Виды местной анестезии

Поверхностная или терминальная. Лекарство наносится на кожу или слизистые поверхностно в виде мази, геля, спрея. Применяется в стоматологии, урологии, офтальмологии, при лор-заболеваниях, при лечении ожогов, трофических язв и т.д. Препараты: Лидокаин, Тримекаин, Анестезин, Дикаин, Пиромекаин в концентрациях от 0,4% до 4%. У детей для проведения безболезненной пункции вен используется специальный крем: Эмла.

Инфильтрационная анестезия. В основе данного вида обезболивания лежит инъекция анестетика в области операционного поля. Сначала тоненькой иглой анестетик вводится внутрикожно, образуя «лимонную корочку». После этого более длинной иглой выполняют инфильтрацию тканей послойно. Таким образом блокируются нервные окончания в зоне операции. Для этого вида анестезии применяются растворы с концентрацией 0,125-0,5%. Анестезия по Вишневскому подразумевает применение способа ползучего инфильтрата: когда образовалась «лимонная корочка», хирург туго нагнетает раствор анестетика в подкожно-жировую клетчатку. Данная анестезия строго послойна. Препараты: Новокаин, Лидокаин, Тримекаин.

Проводниковая (регионарная) анестезия. К данной анестезии относится проводниковая (стволовая, паравертебральная, нервных сплетений), новокаиновые блокады, а также центральные блокады: спинномозговая, эпидуральная и каудальная. Блокада нервных сплетений (плексусная) и стволов проводится под узи-контролем или при помощи нейростимулятора. Сначала идентифицируется необходимые нервные образования, которые надо заблокировать, а потом периневрально вводится анестетик в среднем до 40 мл. Данная анестезия потому и называется регионарной, что позволяет обезболить какой-либо участок тела: руку, ногу, челюсть и т.д. В основном применяется при оперативных вмешательствах на конечностях (ортопедия, травматология, операции на сосудах, хирургия), а также в челюстно-лицевой хирургии. Внутривенная и внутриартериальная местная анестезия применяются очень редко. В практике семейного врача чаще всего применяются проводниковая анестезия по Лукашевичу-Оберсту и лечебные новокаиновые блокады у хирургических, неврологических и травматологических больных. Используются следующие анестетики: Новокаин, Лидокаин, Бупивакаин, Наропин.

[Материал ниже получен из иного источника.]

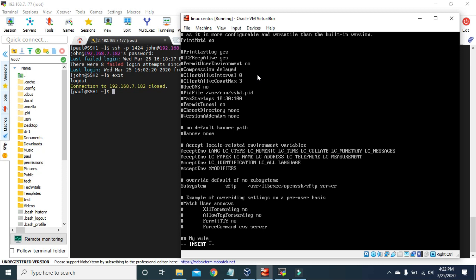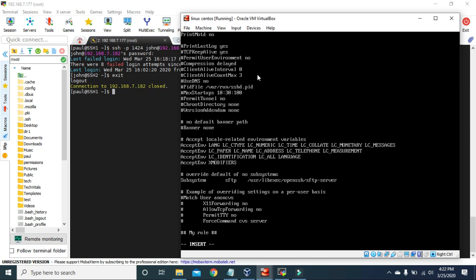We'll add a rule using AllowUsers with an asterisk at the rate 192.168.7.177 — the IP address of the ssh1 machine. The asterisk means that this IP address can connect to ssh2 through any user, whether john, root, or any other user on the ssh2 machine. If we save this rule, only this IP address will be allowed to connect to ssh2, and no other IP address will be able to connect.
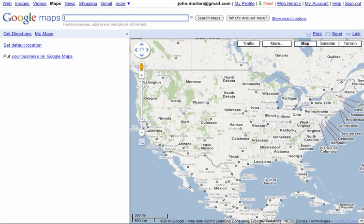Hi there. I recently received an email from someone going through my tutorials on using Google Maps and Flash, and they had a really simple question, which was: how do you center the map on the location you want? The thing is, you have to find the latitude and longitude of the location that you're trying to center the map on. And I'm going to show you how to do that.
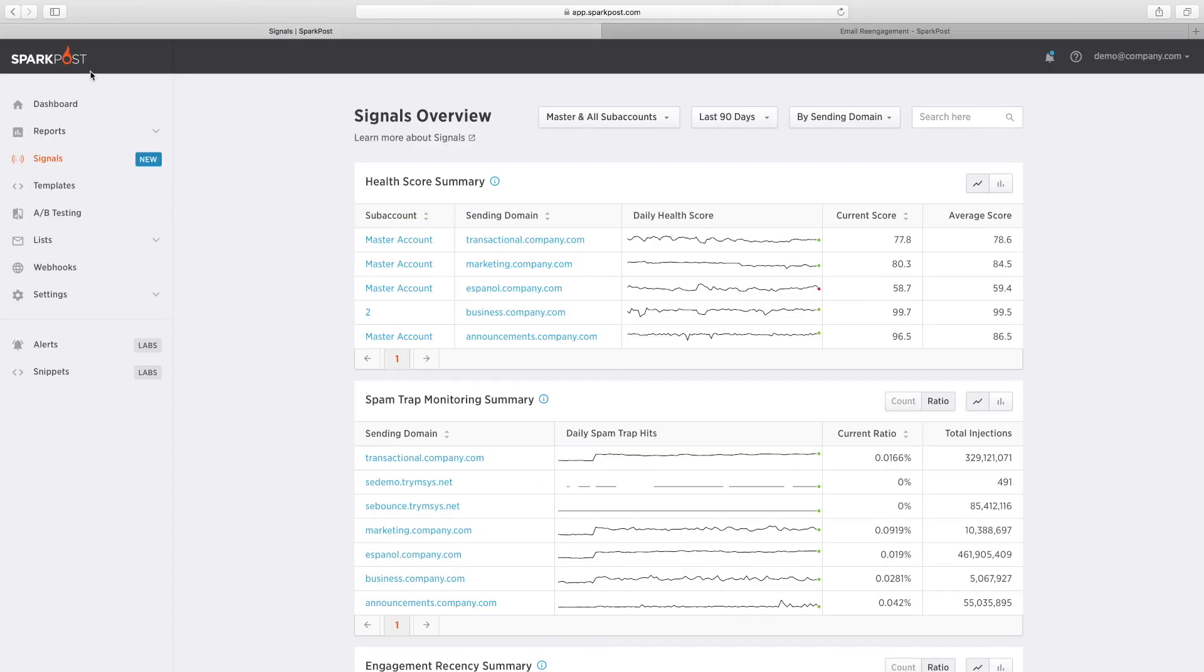SparkPost Signals is a powerful new way to improve your email performance. Get started at sparkpost.com/signals.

Спинномозговая анестезия. Эта анестезия заключается в введении раствора анестетика в субарахноидальное пространство спинного мозга, благодаря чему блокируются спинномозговые корешки и болевые импульсы не поступают в спинной мозг. Впервые была описана в 1899 А. Биром, пережила периоды как выраженной популярности, так и несправедливого забвения. С появлением новых препаратов для местной анестезии, более совершенных тоненьких пункционных игл и профилактике возможных осложнений этот метод анестезии широко применяется для анестезиологического обеспечения хирургических операций. Применяется при оперативных вмешательствах в хирургии (преимущественно нижний этаж брюшной полости, нижние конечности), тазобедренном суставе, операции Кесарева сечения, некоторых урологических операциях, а также является более предпочтительной у геронтологической группы больных, которые плохо переносят общую анестезию. Исследования Дриппса в начале 1960-х гг. продемонстрировали абсолютную безопасность данного метода, вопреки общественному мнению, что после данного вида обезболивания «отнимутся ноги». В ее пользу свидетельствует и тот факт, что эта анестезия проводится и у новорожденных без какого-либо вреда.

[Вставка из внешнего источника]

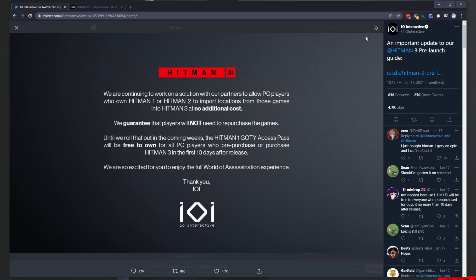Meaning, we can import from 1 to 2, 2 to 3. Unfortunately, you can't import from 1 to 3. To begin this very long video, let's go ahead and show you how you can link your IO Interactive account to all of these different games.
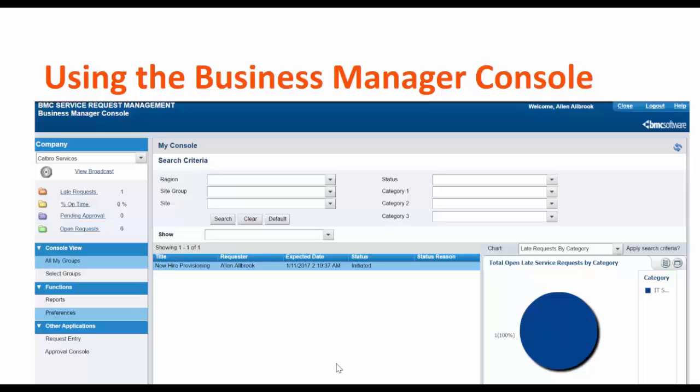In this demo, we will take a look at how we can calculate late requests and view them in Business Manager Console.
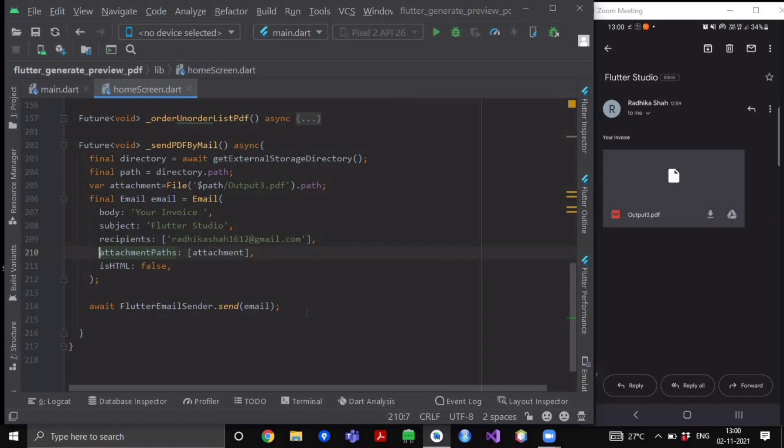So I hope that now you know how you can send your attachments via mail from your Flutter applications to anyone. I hope that you might have found this video helpful, so please do like, share and subscribe to this content and our channel as well. Until then, keep practicing and keep fluttering!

Эпидуральная анестезия. Этот вид обезболивания тоже относится к центральной блокаде. Эффекты данной анестезии по достоинству оценили во многих отраслях медицины (хирургия, травматология, акушерство, урология), а возможность длительного обезболивания при помощи катетера сделало этот вид обезболивания незаменимым в лечении онкологических больных. Если спинномозговая анестезия дает полную блокаду с хорошим моторным блоком, то эпидуральная дает дифференцированный блок: от аналгезии (что с успехом используется для лечения болевых синдромов) до глубокой анестезии с хорошим моторным блоком. Выраженность анестезии зависит от анестетика, его концентрации и дозы. Этот вид обезболивания применяют при многих хирургических вмешательствах, она незаменима в качестве обезболивания в родах и при операции Кесарева сечения, а также для лечения хронических болевых синдромов. Техника эпидуральной анестезии сводится к тому, что анестетик вводится в эпидуральное пространство, которое является одним из образований в спинном мозге, и твердая мозговая оболочка не прокалывается. Препараты: Прилокаин, Лидокаин, Мепивакаин, Бупивакаин, Ропивакаин.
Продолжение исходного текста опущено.